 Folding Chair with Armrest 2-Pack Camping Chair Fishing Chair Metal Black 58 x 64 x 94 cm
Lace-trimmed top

★ ★ ★ ★ ★

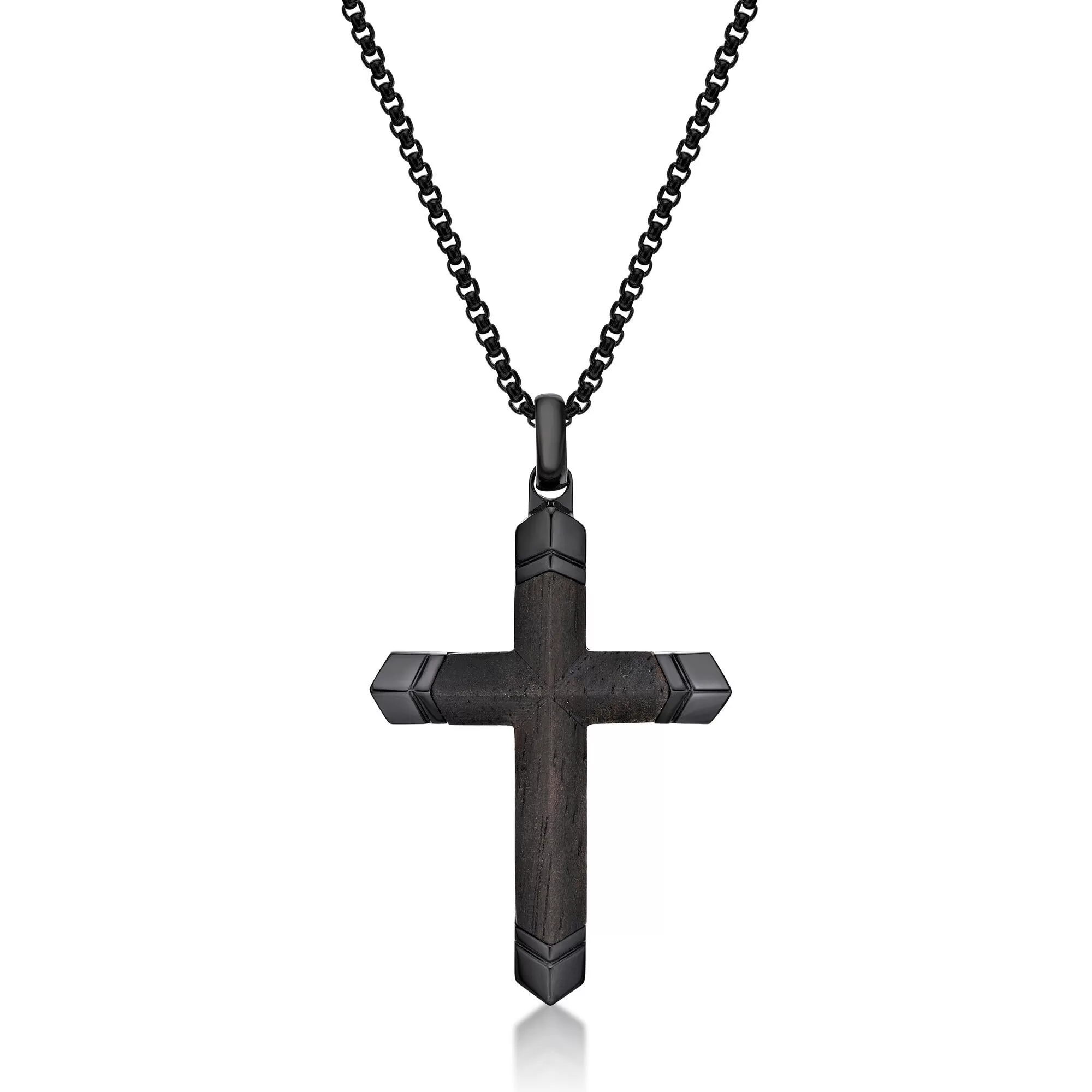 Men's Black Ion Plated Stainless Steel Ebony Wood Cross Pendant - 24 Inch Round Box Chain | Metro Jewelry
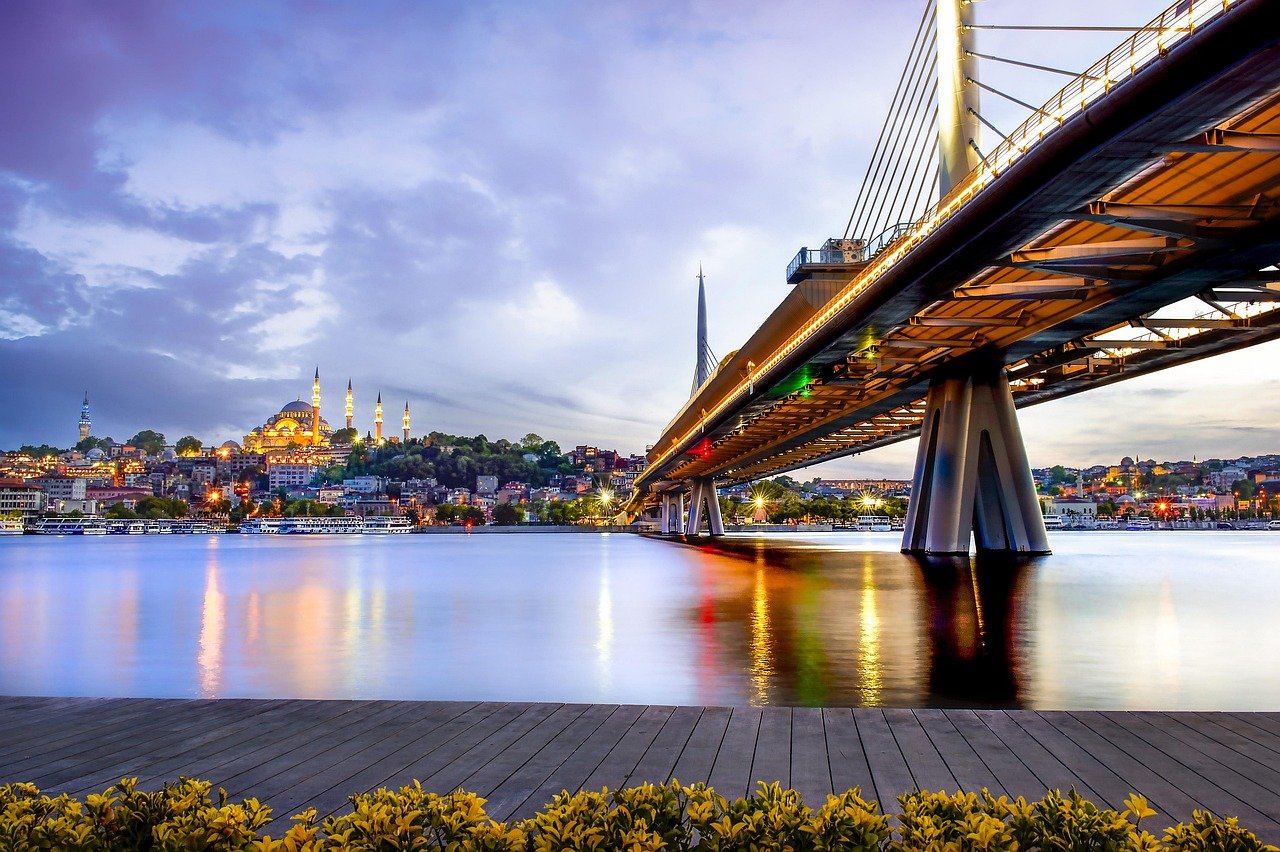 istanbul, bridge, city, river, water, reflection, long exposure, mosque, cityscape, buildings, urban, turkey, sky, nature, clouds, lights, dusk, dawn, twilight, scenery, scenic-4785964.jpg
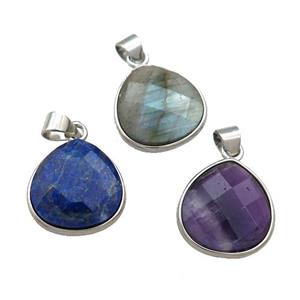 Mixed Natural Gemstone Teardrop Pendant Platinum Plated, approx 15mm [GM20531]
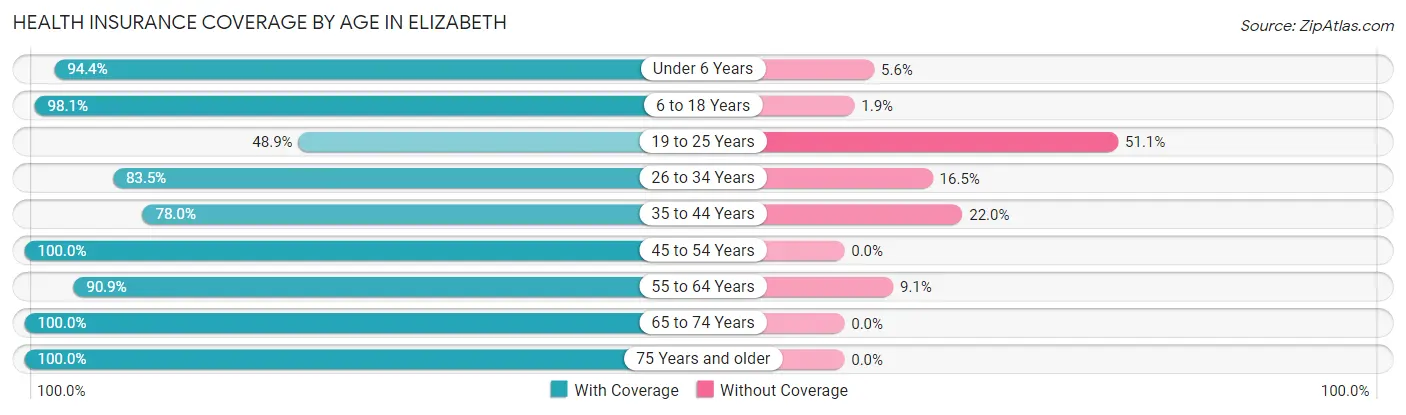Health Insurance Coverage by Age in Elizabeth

★ ★ ★ ★ ★

What this task involves: Respond with the exact lines above running from the one containing "Men's Black Ion" to the one containing "Health Insurance Coverage by Age in Elizabeth", both ends kept and no pictures included.

Answer to the exercise:
 Men's Black Ion Plated Stainless Steel Ebony Wood Cross Pendant - 24 Inch Round Box Chain | Metro Jewelry
 istanbul, bridge, city, river, water, reflection, long exposure, mosque, cityscape, buildings, urban, turkey, sky, nature, clouds, lights, dusk, dawn, twilight, scenery, scenic-4785964.jpg
 Mixed Natural Gemstone Teardrop Pendant Platinum Plated, approx 15mm [GM20531]
Health Insurance Coverage by Age in Elizabeth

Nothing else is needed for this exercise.